Finding and fixing errors in code can be quite tedious. The process is known as debugging. The first step in debugging is to read the error message that R produces. If you cannot fix the error, there are many resources available online that can help. We will explore this at a later time.

You can, however, perform other operations on y. For example, you may want to know how many Jane entries are in y or how many entries have the letter H.

Creating Data Matrices in R

A data matrix has columns (variables) and rows (cases). You can create a data matrix (aka data frame) in R by combining vectors of equal length. Before we do that, let us create one more vector (a categorical one).

Code

a<-c("F", "M", "F", "M", "M", "F", "M", "M", "M")

You can combine the vectors a, x, and y into a data frame (data matrix) as follows. We store this in an object called practice_data and then print it. Note that we use an underscore to separate the words practice and data in the name. Do not use a blank space for object or variable names.

Code

practice_data <- data.frame(name=y, sex=a, balance=x)

Run the above code and make sure the object practice_data appears in the environment area.

On the next line run the code print (practice_data) to have a look at the data. You may also click on the object directly and the data will pop up in a new window.

Notice that the data frame looks like a more natural way that you are likely to encounter data. Most of the time, data is collected and stored in excel and can be imported into R for use. Throughout the labs, we will learn how to import data from various sources into R.

Using Data Frames

We can run various statistics from data frames. Because the data frame combines multiple vectors (variables) we need to specify the data frame name and the variable of interest.

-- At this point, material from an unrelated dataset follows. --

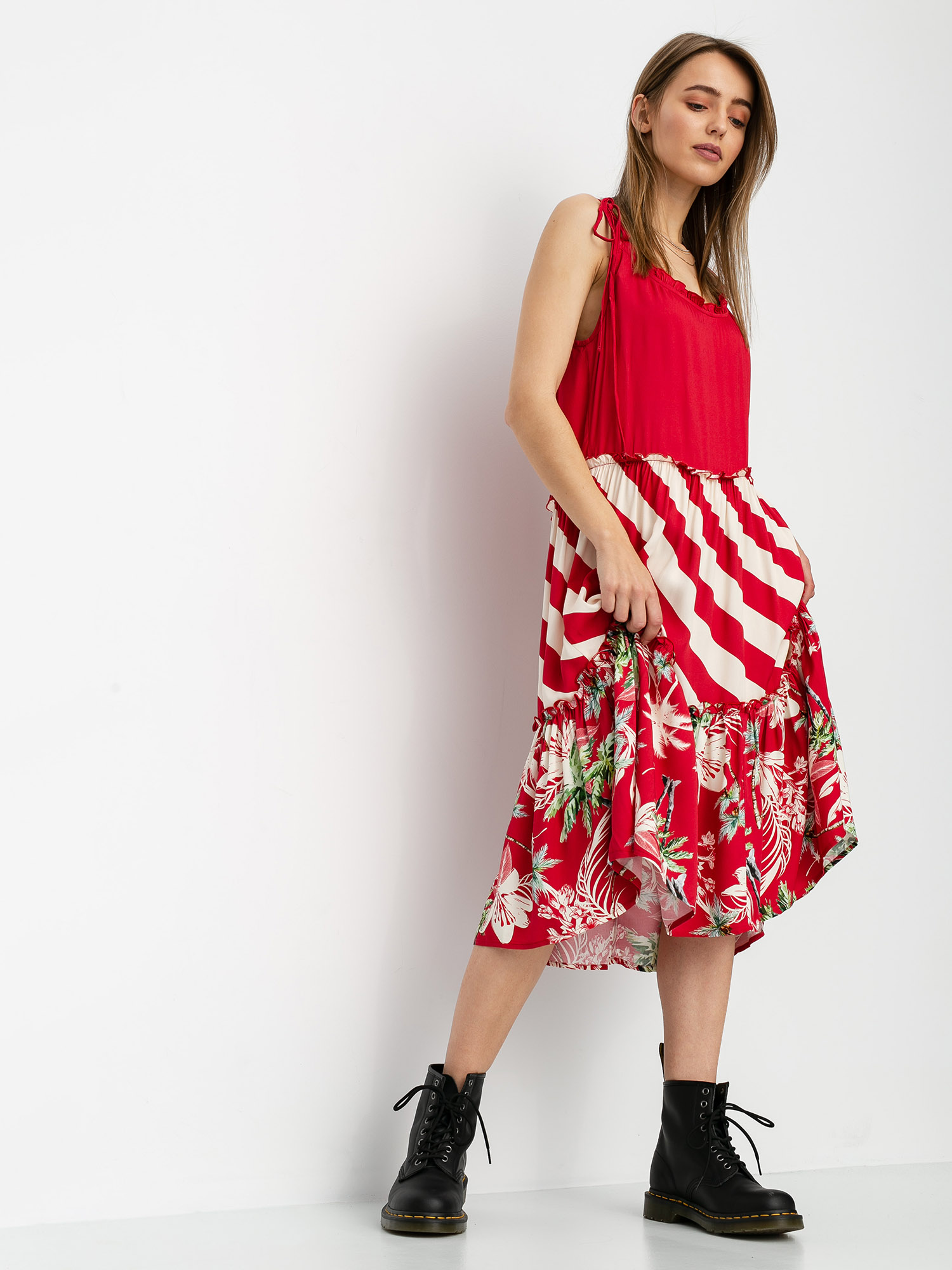 Femi Stories Sali Wmn Ruha (trp)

For example, to find the mean of the variable balance, we use the code mean(practice_data$balance).

Code

mean(practice_data$balance)

[1] 222.6667

You can also find other statistics. For median, the command for median takes the form median(data$variable). For standard deviation, the command is sd(data$variable).

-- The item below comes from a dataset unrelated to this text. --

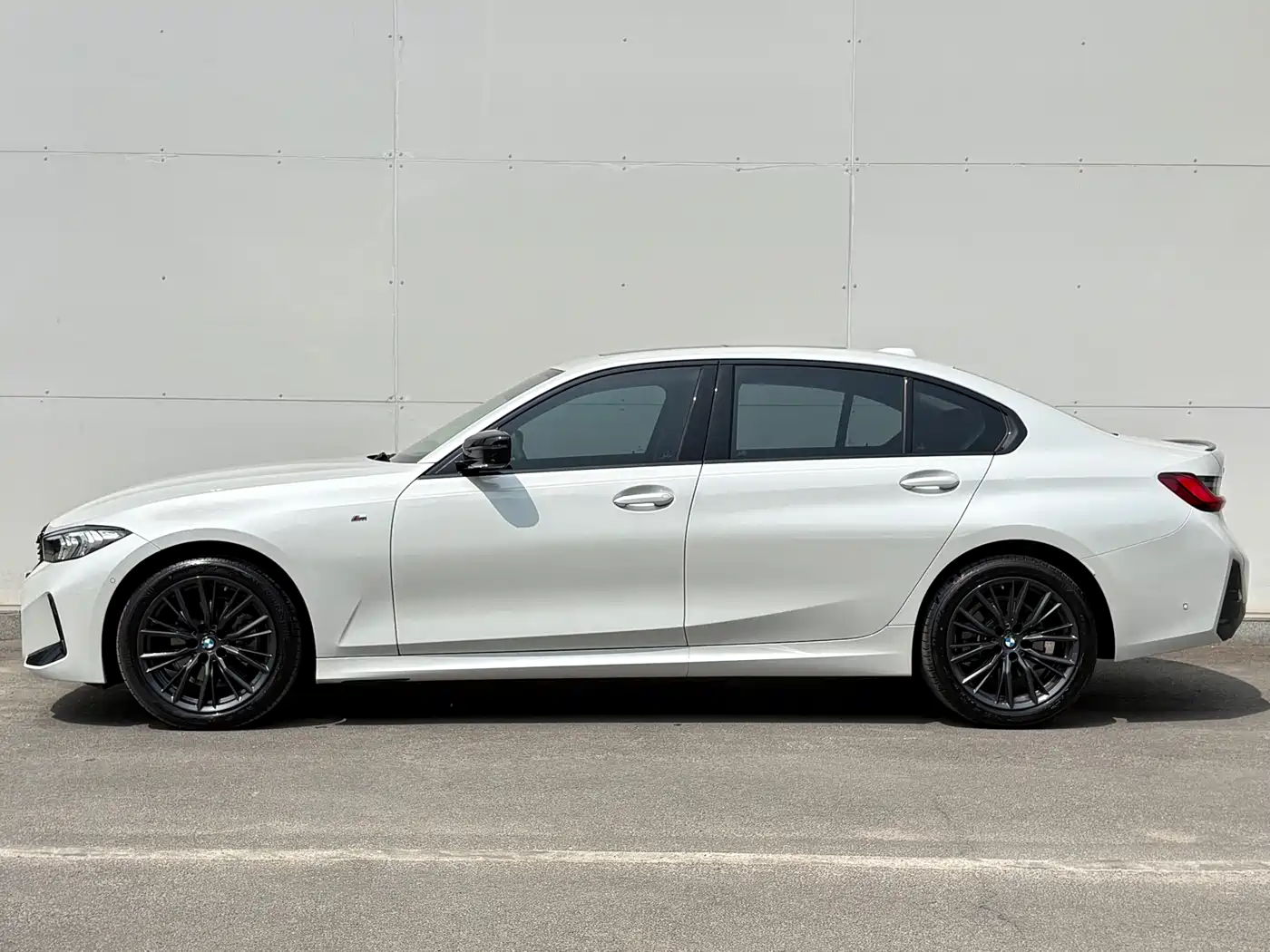BMW 3 Series 2024 325Li M Sport Shadowline Package фото 5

You can also run multiple summary statistics at once using the command summary(data$variable). See example below:

Code

summary(practice_data$balance)

   Min. 1st Qu.  Median    Mean 3rd Qu.    Max. 
  216.0   221.0   223.0   222.7   225.0   227.0

The summary command give you the minimum value, first quartile $(Q_1)$, median, mean$\bar{x}$, third quartile $(Q_1)$ and maximum value.

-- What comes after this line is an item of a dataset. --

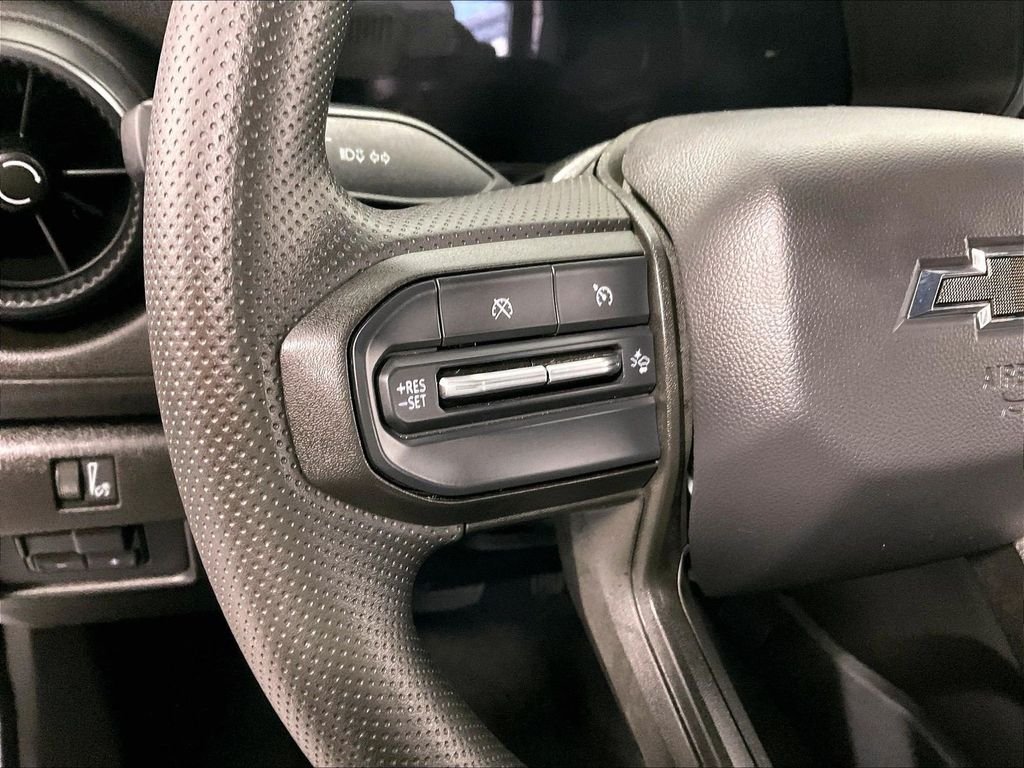 Used 2025 White Chevrolet Trail Boss image 22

Basic Visualizations for Numerical Variables

You can create various kinds of plots/graphs in base R. In future labs, we will learn how to use a package known as ggplot2 that is popular for creating visualizations in R.

Dot Plot:

A dot plot can be used to visualize the distribution of a numerical variable. To create a dot plot, we use the code:

Code

dotchart(practice_data$balance)

Histogram:

Histograms are also used to visualize a numeric variable. We can create a histogram for the variable balance as shown below:

Code

hist(practice_data$balance)

Boxplots:

Box plots can also be used to visualize the distribution of a numeric variable. See code below:

Code

boxplot(practice_data$balance)

Scatter plots:

Scatter plots are mostly used to visualize relationships between two numerical variables. For example, if our data frame is called data and it contains two numerical variables called variable_1 and variable_2, we can create a scatter plot as follows:

plot(data$variable_1, data$variable_2)

Exercises

Create a vector (name it income) containing the following numerical elements: 750, 810, 680, 1200, 1500, 1399,1525.
Find the mean of the values in #1 above.
Create another vector with a name of your choosing and then combine it with the first vector to make a data frame called my_data.
Run the summary statistics for the income variable using the data frame you created in #3 above.
R comes with many pre-loaded data frames. One such data frame is called mtcars. Run the command ?mtcars to learn more about this data frame. Next, load this data frame into your work space by running the command data(mtcars).
Use the mtcars data frame to find the median horsepower of the cars.
Create a histogram to visualize the distribution of the variable hp. What can you say about the distribution of hp based on the histogram?